Sunday, February 25, 2007

intermission, with red sauce

(gentle readers: the events surrounding the exile of my pastor last month have apparently been traumatic enough to knock the creative wind out of me, temporarily. While I am getting my groove back and unmixing my metaphors, here is something I wrote last year. It was a response to the wonderful Recipe Narratives of A. Massey, and in that way it is really about interdependence as much as it is about spaghetti sauce.)

Red Sauce Stories (for Massey)

Waiting for the red sauce recipe that is the Meaning of Life, I remind myself of my own little stories:

Story No. 1: The story of how quickly the feudalism, Italian words, Albanian words, poverty, separation, loss, struggle, war, humiliation, alienation are erased and forgotten by the very next generations until all that remains is the food and memories of food. And a very few songs.

Story No. 2: Once upon a time there were no recipes. There was The Way We Do It. And there were many wrong ways, all of them outrageous and deliberately provocative and shameless in their wrongness.

Story No. 3: By your sauce shall you be known. What kind of people are we? We are Not the kind of people who: Put sugar in their sauce. Put carrots in the sauce. Put wine in the sauce. Put anything less than two kinds of meat in the sauce. Sicilians put sugar in their sauce. We are not Sicilians. But we liked the Godfather. But we're not like the Corleones.
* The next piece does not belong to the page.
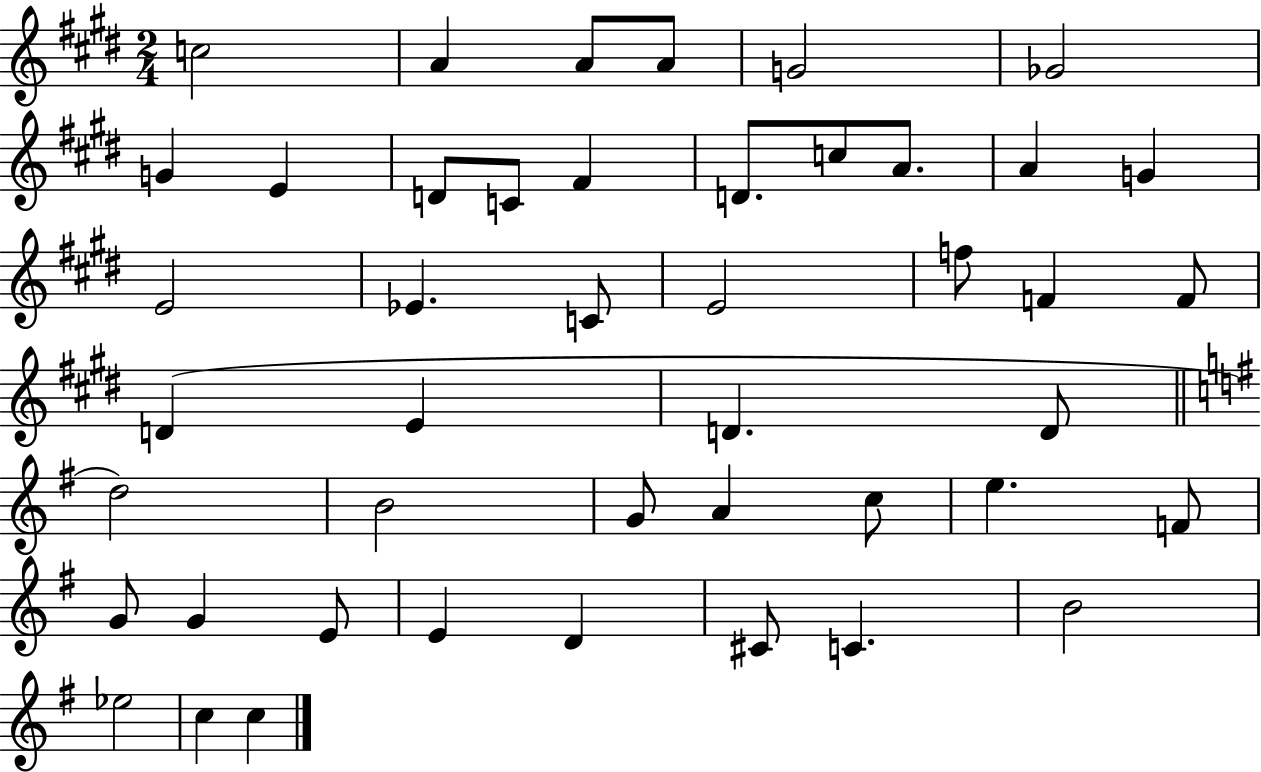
C5/h A4/q A4/e A4/e G4/h Gb4/h G4/q E4/q D4/e C4/e F#4/q D4/e. C5/e A4/e. A4/q G4/q E4/h Eb4/q. C4/e E4/h F5/e F4/q F4/e D4/q E4/q D4/q. D4/e D5/h B4/h G4/e A4/q C5/e E5/q. F4/e G4/e G4/q E4/e E4/q D4/q C#4/e C4/q. B4/h Eb5/h C5/q C5/q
They probably put sugar in their sauce.

Story No. 4: The story of the gallons of sauce in my grandmother's freezer that my parents rationed out for a year after she died, so that on any given Sunday at their house you might find yourself still being fed and loved and fussed over by my beautiful dead grandma. Bonus story: On the day we buried her, a hundred or so people gathered afterwards for lunch and on every table there were baskets of sweet bread that my grandmother had baked and kept in her freezer to give to people she loved.

4 comments:

Maddy Avena said...

Oh Suzanne, the story about Grandma feeding her loved ones after her death had me burst into sobs.
I made sauce from my dead friend's tomatoes back in November. Her beloved gave me the tomatoes which were languishing in two Safeway paper bags for a week or two after Stacy died.
I roasted and pureed them, cooked them down into sauce with the addition of the last of my own basil. Got 4 pints of sauce. Gave 3 Stacy's beloved, kept one for Tara and myself, as Stacy was Tara's best friend.
So there is a piece of Stacy in my pantry. I take out the jar and just hold it sometimes to remember Stacy.
Thank you for this.
Maddy

suzanne said...

sweet maddy-

You know what I am talking about. Maybe we will be lucky enough to have our gardens, or our cooking, or our generosity outlive us and bring some comfort to the people who love us. I am thinking about you and Tara and the loss of your friend Stacy.

Andrea said...

I think I will shamelessly steal story #4, so to speak. the same thing happened on the day we buried my grandfather. he'd made an elaborate thanksgiving meal a few days before his death, and there we all were, eating the leftovers in mourning. it was a ricotta and dried fruit torte. and it was *good*.
Thanks for this. Red sauce recipe to be unveiled soon, as soon as my hand-winders develop enough momentum.